Briefly providing an overview of the situation, the man stated that the process was fairly regular at the beginning
After receiving information on the company by one of his acquaintances, he applied accordingly and received a callback for an online interview. The role he applied for, however, was not revealed.
"There was no discomfort during the day and for the interview itself. I gave my introduction, we talked about the services and operations carried out by the company, and everyone was professional the entire time," he wrote.
By all accounts, trouble ensued after the interview concluded, and the interviewers opened the floor for the man to ask them questions.
When the man asked about salary and overtime payment, he elaborated on how he was brashly shut down, and didn't receive solid answers for either question
"When I asked if I will receive overtime pay, the interviewer straight up told me 'We don't work overtime here'. I doubled-down on my question and asked what if such a situation arises."

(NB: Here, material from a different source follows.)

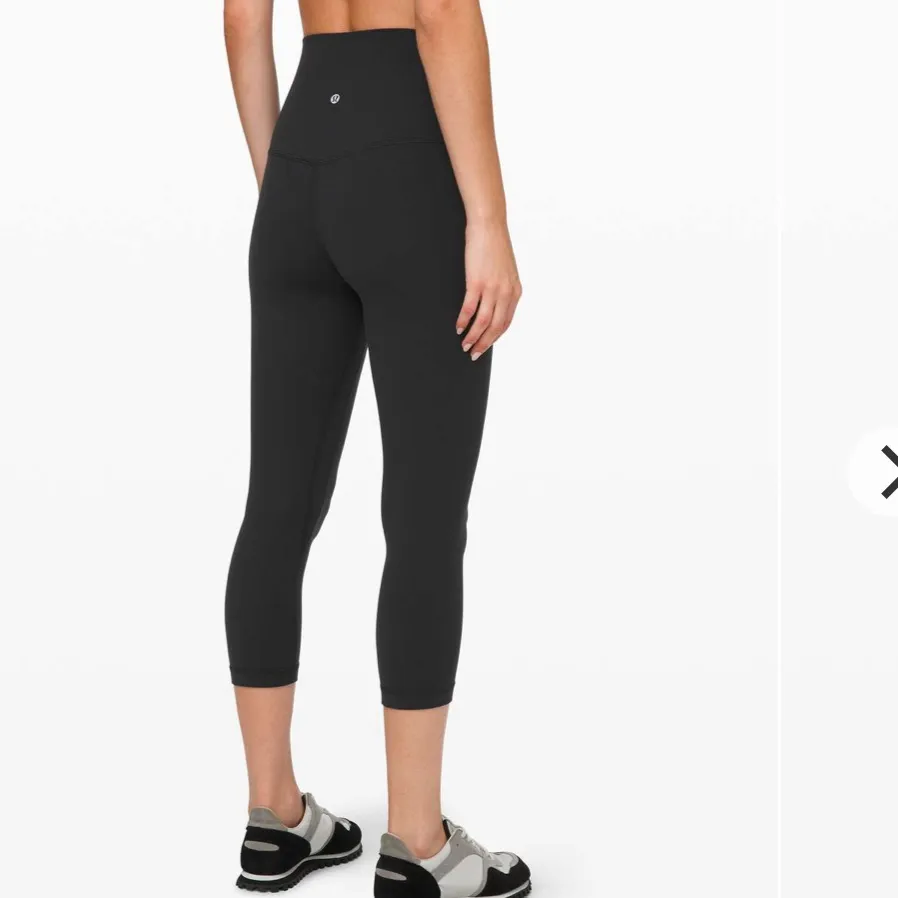Lululemon Align Super High-Rise Crop 21"
Black Size 8 - Image 3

Seemingly exasperated by his question, the interviewee stated that if he would like to work overtime on any day, he'd need to contact his superior and notify them, so as to receive replacement leave as opposed to overtime payment.
"The human resources person also interjected, adding that it would be approved if it was deemed 'necessary' for me to work overtime as according to my supervisor. If the supervisor allows it, then I will receive overtime pay or compensatory time off," he added.
Sensing tension in the air, the man explained how he's had a long running history of working overtime in the past, and merely wanted to ask about overtime in fairness. "Of course it's better to not work overtime, but I needed to ask."
However, it seemed as though the unnerving agitation continued when the interviewer asked if the confessor had any other questions, to which he brought up a query on salary structure.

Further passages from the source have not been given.